▸ **Material for this task**:
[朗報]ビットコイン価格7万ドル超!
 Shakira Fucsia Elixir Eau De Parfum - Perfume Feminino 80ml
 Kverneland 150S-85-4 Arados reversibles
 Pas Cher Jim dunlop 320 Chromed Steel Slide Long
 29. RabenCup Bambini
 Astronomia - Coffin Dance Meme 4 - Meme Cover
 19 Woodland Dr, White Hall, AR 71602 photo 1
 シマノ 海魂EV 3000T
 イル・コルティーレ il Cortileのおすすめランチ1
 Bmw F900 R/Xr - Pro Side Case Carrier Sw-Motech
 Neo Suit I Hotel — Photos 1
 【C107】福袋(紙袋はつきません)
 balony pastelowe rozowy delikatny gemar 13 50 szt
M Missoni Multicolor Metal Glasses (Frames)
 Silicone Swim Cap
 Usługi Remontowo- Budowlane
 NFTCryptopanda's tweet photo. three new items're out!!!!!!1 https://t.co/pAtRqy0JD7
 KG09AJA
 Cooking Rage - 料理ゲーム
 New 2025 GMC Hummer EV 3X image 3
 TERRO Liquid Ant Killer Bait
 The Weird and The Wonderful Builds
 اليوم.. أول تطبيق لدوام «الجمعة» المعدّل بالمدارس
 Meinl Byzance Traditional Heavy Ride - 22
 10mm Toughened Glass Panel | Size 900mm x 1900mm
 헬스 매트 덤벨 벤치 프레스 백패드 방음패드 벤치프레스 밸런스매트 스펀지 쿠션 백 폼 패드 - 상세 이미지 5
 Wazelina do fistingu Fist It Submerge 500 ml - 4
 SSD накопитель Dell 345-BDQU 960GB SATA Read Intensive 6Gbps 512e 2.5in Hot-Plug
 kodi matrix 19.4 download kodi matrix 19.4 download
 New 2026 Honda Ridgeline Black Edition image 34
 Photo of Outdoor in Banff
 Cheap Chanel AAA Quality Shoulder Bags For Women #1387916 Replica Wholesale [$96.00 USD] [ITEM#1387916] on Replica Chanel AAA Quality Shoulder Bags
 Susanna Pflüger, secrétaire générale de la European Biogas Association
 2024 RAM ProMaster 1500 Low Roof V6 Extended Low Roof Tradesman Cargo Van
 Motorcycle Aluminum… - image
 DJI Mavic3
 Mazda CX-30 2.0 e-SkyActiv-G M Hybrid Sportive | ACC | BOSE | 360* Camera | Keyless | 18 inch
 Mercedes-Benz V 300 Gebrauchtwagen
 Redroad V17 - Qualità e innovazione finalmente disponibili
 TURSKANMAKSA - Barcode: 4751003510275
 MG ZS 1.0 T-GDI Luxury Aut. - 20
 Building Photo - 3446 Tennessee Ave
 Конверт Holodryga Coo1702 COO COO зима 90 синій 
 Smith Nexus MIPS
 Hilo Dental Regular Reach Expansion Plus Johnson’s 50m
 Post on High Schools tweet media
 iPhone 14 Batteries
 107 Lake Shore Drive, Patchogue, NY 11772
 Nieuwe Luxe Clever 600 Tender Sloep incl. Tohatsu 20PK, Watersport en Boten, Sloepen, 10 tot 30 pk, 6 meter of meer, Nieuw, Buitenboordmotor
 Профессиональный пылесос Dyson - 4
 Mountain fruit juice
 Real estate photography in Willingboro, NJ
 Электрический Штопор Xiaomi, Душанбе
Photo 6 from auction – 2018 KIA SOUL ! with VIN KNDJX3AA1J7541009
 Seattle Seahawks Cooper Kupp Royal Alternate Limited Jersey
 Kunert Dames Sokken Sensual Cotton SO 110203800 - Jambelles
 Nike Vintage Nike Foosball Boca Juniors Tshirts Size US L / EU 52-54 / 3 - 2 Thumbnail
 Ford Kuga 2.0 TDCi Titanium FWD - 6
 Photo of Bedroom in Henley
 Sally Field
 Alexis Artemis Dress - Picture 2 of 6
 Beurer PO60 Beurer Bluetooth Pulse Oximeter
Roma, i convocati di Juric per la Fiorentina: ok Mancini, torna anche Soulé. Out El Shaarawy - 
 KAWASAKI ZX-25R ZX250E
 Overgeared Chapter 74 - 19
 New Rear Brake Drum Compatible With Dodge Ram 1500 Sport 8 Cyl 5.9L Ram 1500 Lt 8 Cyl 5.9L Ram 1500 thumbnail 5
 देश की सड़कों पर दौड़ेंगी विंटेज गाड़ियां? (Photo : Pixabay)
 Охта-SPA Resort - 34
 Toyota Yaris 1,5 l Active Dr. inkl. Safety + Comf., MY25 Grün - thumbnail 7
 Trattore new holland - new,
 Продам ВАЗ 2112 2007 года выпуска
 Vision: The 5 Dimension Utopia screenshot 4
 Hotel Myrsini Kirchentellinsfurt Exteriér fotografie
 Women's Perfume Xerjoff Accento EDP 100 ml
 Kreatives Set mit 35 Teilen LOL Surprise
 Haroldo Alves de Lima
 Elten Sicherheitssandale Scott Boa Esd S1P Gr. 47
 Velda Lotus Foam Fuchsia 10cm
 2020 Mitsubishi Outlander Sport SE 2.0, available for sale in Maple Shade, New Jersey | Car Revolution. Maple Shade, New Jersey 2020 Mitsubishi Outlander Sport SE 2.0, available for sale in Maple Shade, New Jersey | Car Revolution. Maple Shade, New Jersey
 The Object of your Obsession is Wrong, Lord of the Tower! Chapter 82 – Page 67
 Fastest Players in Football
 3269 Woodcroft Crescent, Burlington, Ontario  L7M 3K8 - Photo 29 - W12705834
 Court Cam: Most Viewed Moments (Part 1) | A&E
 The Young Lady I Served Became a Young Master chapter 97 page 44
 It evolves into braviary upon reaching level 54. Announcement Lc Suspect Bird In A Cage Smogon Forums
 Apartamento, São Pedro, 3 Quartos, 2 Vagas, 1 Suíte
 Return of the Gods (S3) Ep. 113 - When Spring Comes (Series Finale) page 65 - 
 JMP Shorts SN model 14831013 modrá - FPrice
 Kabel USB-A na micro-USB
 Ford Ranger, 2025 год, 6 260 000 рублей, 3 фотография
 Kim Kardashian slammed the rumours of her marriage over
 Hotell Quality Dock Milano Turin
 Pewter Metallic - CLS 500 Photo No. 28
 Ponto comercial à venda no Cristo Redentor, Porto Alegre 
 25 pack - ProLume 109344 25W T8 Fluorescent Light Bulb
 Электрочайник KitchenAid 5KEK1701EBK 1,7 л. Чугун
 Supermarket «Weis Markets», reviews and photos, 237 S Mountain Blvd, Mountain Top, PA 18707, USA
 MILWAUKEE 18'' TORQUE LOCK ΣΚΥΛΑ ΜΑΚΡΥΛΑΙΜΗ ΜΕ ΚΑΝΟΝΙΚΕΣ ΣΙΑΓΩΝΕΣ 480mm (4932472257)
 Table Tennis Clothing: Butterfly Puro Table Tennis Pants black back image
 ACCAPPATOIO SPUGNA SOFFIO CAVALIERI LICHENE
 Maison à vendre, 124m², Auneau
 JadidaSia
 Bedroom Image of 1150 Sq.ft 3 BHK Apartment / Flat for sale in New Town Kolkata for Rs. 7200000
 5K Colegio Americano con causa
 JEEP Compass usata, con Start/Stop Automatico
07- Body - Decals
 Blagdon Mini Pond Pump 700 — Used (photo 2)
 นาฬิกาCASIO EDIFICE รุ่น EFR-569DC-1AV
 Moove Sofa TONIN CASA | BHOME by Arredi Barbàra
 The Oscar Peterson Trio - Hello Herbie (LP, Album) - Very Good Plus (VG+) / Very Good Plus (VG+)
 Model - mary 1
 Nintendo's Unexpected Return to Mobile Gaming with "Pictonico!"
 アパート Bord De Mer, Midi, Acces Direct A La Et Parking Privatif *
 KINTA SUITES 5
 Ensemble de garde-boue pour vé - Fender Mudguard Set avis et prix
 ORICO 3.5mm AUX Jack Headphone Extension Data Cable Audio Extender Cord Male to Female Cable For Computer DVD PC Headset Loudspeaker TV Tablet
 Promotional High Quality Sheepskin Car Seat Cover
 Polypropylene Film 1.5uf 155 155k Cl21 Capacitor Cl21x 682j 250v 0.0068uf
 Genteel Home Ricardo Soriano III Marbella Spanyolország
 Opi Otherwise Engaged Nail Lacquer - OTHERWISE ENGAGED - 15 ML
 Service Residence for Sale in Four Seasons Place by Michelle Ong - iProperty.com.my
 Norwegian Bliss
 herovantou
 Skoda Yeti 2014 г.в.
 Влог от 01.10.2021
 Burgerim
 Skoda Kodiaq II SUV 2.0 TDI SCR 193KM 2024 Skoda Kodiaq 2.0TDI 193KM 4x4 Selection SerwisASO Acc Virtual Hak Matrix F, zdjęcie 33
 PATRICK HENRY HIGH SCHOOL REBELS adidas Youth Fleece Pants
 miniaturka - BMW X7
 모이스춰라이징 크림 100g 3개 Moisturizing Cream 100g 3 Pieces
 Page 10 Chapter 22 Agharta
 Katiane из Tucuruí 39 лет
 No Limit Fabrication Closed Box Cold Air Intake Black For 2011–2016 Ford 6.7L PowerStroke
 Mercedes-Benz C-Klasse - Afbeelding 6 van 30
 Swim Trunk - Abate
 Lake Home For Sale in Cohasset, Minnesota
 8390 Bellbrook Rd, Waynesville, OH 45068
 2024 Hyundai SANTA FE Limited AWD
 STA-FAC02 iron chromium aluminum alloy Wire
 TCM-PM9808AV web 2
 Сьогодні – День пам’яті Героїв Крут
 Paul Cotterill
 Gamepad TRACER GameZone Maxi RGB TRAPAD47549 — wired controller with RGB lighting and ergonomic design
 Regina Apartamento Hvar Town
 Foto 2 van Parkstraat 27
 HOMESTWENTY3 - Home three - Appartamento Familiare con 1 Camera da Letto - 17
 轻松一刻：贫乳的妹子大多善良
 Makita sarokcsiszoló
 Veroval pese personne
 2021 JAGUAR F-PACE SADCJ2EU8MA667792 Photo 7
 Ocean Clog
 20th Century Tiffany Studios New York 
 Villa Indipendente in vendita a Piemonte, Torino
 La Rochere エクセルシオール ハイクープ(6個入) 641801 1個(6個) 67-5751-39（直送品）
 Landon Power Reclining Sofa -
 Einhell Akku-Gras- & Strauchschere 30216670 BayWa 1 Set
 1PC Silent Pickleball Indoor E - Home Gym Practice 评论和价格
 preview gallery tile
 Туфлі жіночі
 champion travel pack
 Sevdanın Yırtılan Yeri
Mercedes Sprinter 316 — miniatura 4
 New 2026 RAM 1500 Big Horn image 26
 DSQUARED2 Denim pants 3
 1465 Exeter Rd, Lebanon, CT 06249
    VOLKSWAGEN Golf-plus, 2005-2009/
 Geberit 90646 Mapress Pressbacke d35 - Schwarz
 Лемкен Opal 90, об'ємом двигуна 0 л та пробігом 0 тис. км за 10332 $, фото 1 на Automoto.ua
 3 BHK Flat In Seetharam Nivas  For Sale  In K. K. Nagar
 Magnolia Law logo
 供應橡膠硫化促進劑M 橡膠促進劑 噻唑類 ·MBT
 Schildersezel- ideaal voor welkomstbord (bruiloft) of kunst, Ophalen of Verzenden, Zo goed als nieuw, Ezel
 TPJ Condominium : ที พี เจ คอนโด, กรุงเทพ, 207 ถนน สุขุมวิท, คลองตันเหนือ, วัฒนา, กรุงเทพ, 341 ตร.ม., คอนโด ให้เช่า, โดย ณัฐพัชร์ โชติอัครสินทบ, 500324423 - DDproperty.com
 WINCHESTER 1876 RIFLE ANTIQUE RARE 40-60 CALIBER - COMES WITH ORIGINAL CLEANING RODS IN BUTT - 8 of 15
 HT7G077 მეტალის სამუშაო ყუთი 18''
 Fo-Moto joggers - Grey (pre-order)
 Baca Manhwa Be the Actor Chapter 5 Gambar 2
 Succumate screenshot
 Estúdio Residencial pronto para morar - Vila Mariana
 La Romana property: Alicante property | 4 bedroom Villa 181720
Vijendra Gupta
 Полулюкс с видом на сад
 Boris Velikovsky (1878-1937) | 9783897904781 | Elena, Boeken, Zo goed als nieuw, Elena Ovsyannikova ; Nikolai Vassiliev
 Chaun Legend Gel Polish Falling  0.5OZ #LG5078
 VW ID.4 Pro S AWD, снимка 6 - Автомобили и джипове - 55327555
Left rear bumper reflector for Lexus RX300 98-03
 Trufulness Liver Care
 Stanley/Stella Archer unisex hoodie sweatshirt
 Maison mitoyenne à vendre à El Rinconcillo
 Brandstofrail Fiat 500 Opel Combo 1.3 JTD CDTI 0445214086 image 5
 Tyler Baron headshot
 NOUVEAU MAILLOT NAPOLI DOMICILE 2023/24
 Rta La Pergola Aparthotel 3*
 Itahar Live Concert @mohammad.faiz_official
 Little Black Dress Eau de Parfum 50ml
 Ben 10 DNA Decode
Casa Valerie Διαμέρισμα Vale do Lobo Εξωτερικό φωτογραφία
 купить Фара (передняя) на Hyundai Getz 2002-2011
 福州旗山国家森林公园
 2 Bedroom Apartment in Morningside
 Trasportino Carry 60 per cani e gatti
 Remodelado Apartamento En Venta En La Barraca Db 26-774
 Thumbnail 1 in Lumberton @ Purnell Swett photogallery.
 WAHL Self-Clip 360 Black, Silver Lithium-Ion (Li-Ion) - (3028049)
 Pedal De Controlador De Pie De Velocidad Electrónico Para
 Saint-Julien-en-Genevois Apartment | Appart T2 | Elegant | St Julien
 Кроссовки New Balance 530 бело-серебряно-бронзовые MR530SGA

▸ **Task instructions**:
Stopping at the line containing "اليوم.. أول تطبيق", please repeat exactly every line from the very start of the entries, that line included, and nothing more.

▸ **Solution for this task**:
[朗報]ビットコイン価格7万ドル超!
 Shakira Fucsia Elixir Eau De Parfum - Perfume Feminino 80ml
 Kverneland 150S-85-4 Arados reversibles
 Pas Cher Jim dunlop 320 Chromed Steel Slide Long
 29. RabenCup Bambini
 Astronomia - Coffin Dance Meme 4 - Meme Cover
 19 Woodland Dr, White Hall, AR 71602 photo 1
 シマノ 海魂EV 3000T
 イル・コルティーレ il Cortileのおすすめランチ1
 Bmw F900 R/Xr - Pro Side Case Carrier Sw-Motech
 Neo Suit I Hotel — Photos 1
 【C107】福袋(紙袋はつきません)
 balony pastelowe rozowy delikatny gemar 13 50 szt
M Missoni Multicolor Metal Glasses (Frames)
 Silicone Swim Cap
 Usługi Remontowo- Budowlane
 NFTCryptopanda's tweet photo. three new items're out!!!!!!1 https://t.co/pAtRqy0JD7
 KG09AJA
 Cooking Rage - 料理ゲーム
 New 2025 GMC Hummer EV 3X image 3
 TERRO Liquid Ant Killer Bait
 The Weird and The Wonderful Builds
 اليوم.. أول تطبيق لدوام «الجمعة» المعدّل بالمدارس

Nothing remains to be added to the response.